→ Your task
Write again exactly the lines in the listing below, starting at the line with "heart icons, love symbols vector" and ending at the line with "Paulo Dybala y", both included. Pictures are not copied.

→ Extracted information
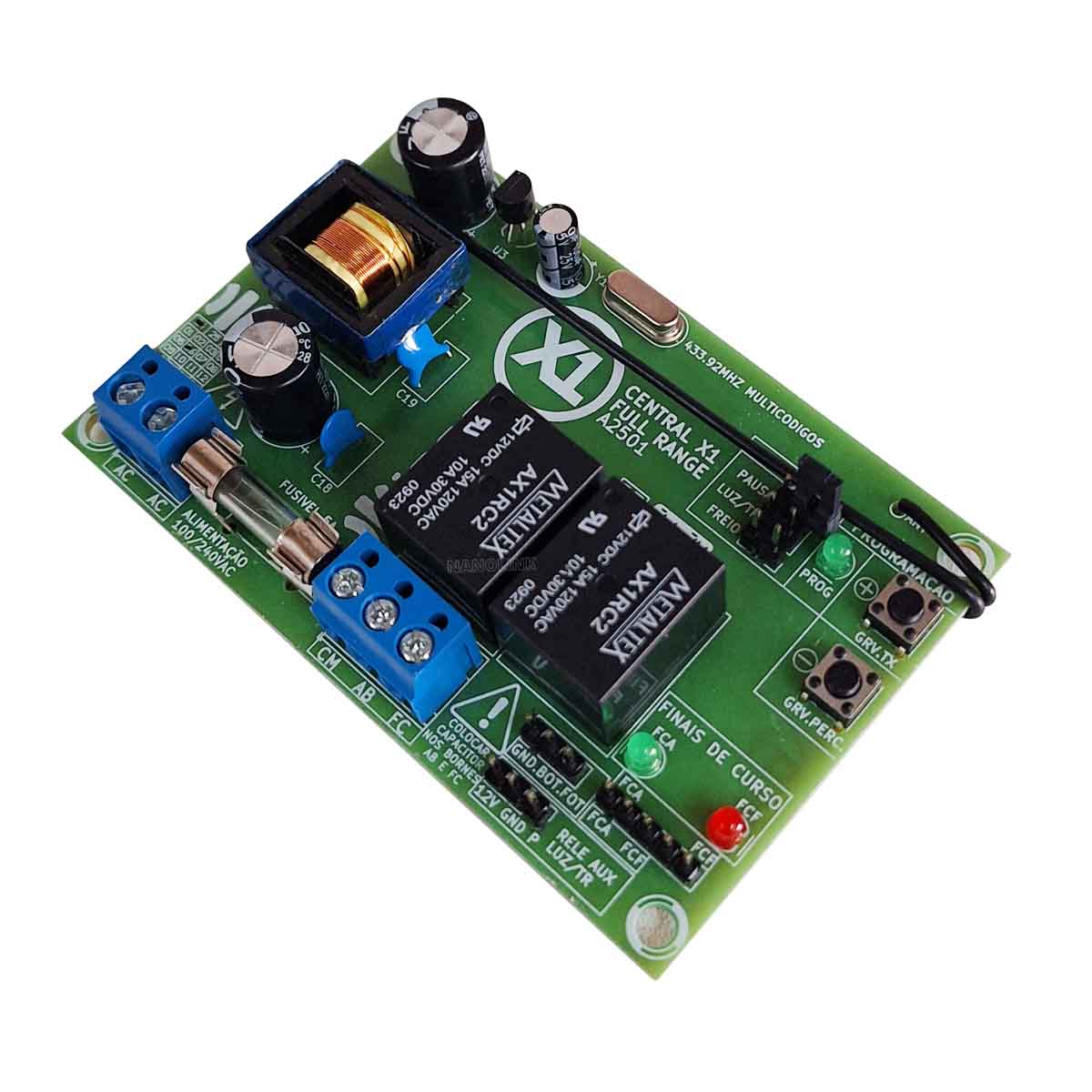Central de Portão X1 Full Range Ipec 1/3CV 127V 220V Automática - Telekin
* * *
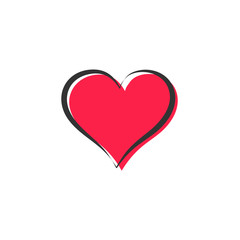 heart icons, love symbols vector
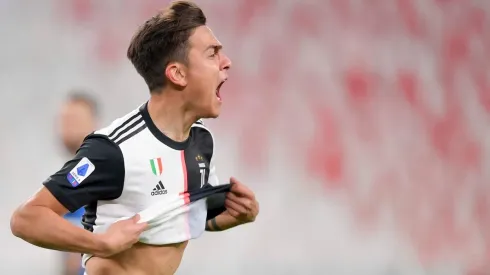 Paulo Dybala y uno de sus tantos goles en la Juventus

→ Task result
 heart icons, love symbols vector
 Paulo Dybala y uno de sus tantos goles en la Juventus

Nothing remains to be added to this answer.